▸ What the exercise asks: Here the job is to print only the lines from the one containing "this 490×306 image." to the end of the entries, both included, exactly as they stand, with pictures excluded.

=== Begin Enclosure ===

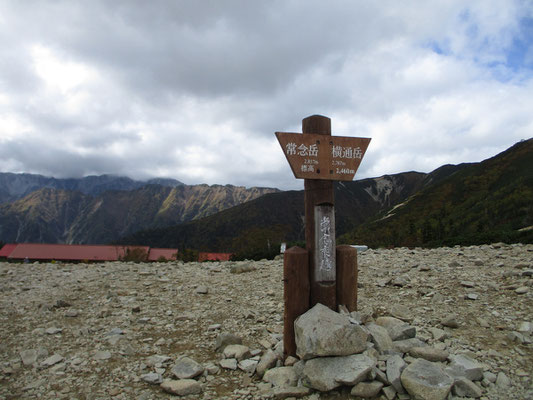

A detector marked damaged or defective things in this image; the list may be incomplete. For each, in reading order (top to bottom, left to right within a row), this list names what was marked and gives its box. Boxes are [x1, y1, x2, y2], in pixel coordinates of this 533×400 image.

rusted metal post [306, 115, 334, 310]
rusted metal post [280, 245, 310, 358]
rusted metal post [336, 244, 358, 312]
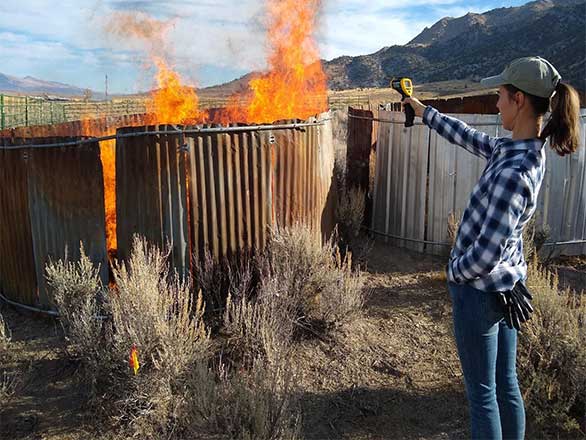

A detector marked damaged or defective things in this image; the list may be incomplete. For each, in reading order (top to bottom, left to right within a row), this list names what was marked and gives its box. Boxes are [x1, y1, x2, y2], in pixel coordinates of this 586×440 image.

rusty metal panel [0, 143, 36, 304]
rusty metal panel [26, 141, 108, 306]
rusty metal panel [114, 124, 187, 276]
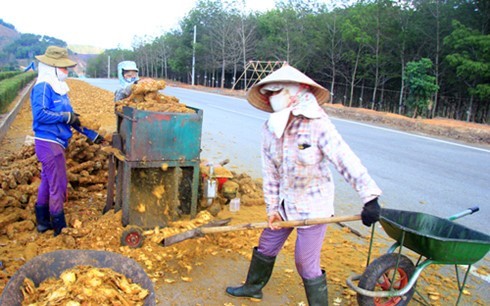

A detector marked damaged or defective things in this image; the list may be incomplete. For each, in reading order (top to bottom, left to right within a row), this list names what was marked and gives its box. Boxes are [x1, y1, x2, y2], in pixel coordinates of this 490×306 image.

rusty metal cart [105, 105, 203, 246]
rusty metal cart [346, 207, 490, 304]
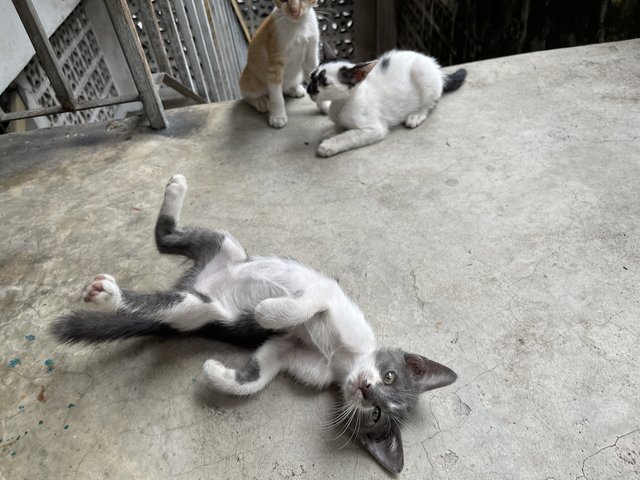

=== End Enclosure ===

▸ Task solution:
A detector marked damaged or defective things in this image; the list may be incomplete. For each, in reading order (top to bottom, left to right within a row), this list names what was marked and gives its box. Boxes are [x1, y1, x2, y2], in pixel coordinates of this 490×306 image.

rusty metal cart [105, 105, 203, 246]
rusty metal cart [346, 207, 490, 304]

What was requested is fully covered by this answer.